ALOMBRADOS, ɑ̄´´lom-brɑ̄´dez (modern spelling, ALUMBRADOS; Lat. Illuminati; “Enlightened”): Spanish mystics who first attracted the attention of the Inquisition in 1524 (Wadding, Annales minorum, under the year 1524), when a certain Isabella de Cruce of Toledo is mentioned as a representative of their quietistic-ascetic teachings and their enthusiastic striving for divine inspirations and revelations. About 1546 Magdalena de Cruce of Aguilar, near Cordova, a member of the Poor Clares, is said to have been accused of spreading immoral antinomian teachings and to have been forced to abjure her heresies; and there are like reports of a Carmelite nun, Catherina de Jesus of Cordova, about 1575, and of a Portuguese Dominican nun, Maria de Visitatione, in 1586. The founder of the Society of Jesus, in his student days, was accused of belonging to the Illuminati at Alcala in 1526, and at Salamanca in 1527, and the second time was imprisoned for forty-two days (cf. Gothein, p. 225; see Jesuits). A connection between the Spanish Illuminati of the sixteenth century and the German reformatory movement has often been conjectured, especially by Roman Catholics, but without good reason; nor can influence from Anabaptists like Münzer or Schwenckfeld be seriously considered.

An ordinance of the Spanish Inquisition dated Jan. 28, 1558, mentions the following heretical teachings as characteristic of the Illuminati: “Only inward prayer is well-pleasing to God and meritorious, not external prayer with the lips. The confessors who impose outward acts of repentance are not to be obeyed; the true servants of God 136 are superior to such discipline and have no need of meritorious works in the common sense; the contortions, convulsions, and faintings, which accompany their inner devotion, are to them sufficient tokens of the divine grace. In the state of perfection the secret of the Holy Trinity is beheld while here below, and all that should be done or left undone is communicated directly by the Holy Spirit. When perfection is attained it is no longer necessary to look to images of the saints, or to hear sermons or religious conversations of the common kind” (J. A. Llorente, Geschichte der spanischen Inquisition, Germ. ed., ii., Stuttgart, 1824, pp. 3-4). A still fuller record of Illuminatic errors is given by Malvasia (Catalogus omnium hæresium et conciliorum, Rome, 1661, xvi. century, pp. 269-274), who enumerates fifty heretical propositions, including besides these already mentioned the following: “In the state of perfection the soul can neither go forward nor backward, for its own faculties have all been abolished by grace. The perfect has no more need of the intercession of the saints, even devotion to the humanity of Jesus is superfluous for him; he has no more need of the sacraments or to do good works. A perfect man can not sin; even an act which, outwardly regarded, must be looked upon as vicious, can not contaminate the soul which lives in mystical union with God."

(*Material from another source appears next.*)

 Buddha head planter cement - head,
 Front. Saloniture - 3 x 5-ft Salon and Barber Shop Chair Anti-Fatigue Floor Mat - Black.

The ecclesiastical annalist Spondanus records in the year 1623 an inquisitorial process against Illuminatic mystics in the dioceses of Seville and Granada, in which the grand inquisitor Andreas Pacheco mentions no less than seventy-six heretical propositions, many of them antinomian. Like things are told of the French sect of Illuminés (called also Guérinets from their leader the Abbé Guérin) who were prosecuted in 1634 in Flanders and Picardy. Another sect of Illuminés which appeared about 1722 in southern France has more resemblance to the freemasons, and seems to have been a precursor of the Order of Illuminati in south Germany, especially in Bavaria (see Illuminati).

O. Zöckler†.

Bibliography: H. Heppe, Geschichte der quietistischen Mystik in der katholischen Kirche, 41 sqq., Berlin, 1875; M. Menendez y Pelayo, Historia de los heterodoxos Españoles, ii. 521, iii. 403, Madrid, 1880; H. C. Lea, Chapters from the Religious History of Spain Connected with the Inquisition, passim, Philadelphia, 1890; E. Gothein, Ignatius von Loyola und die Gegenreformation, pp. 61-62, 224 sqq., Halle, 1895.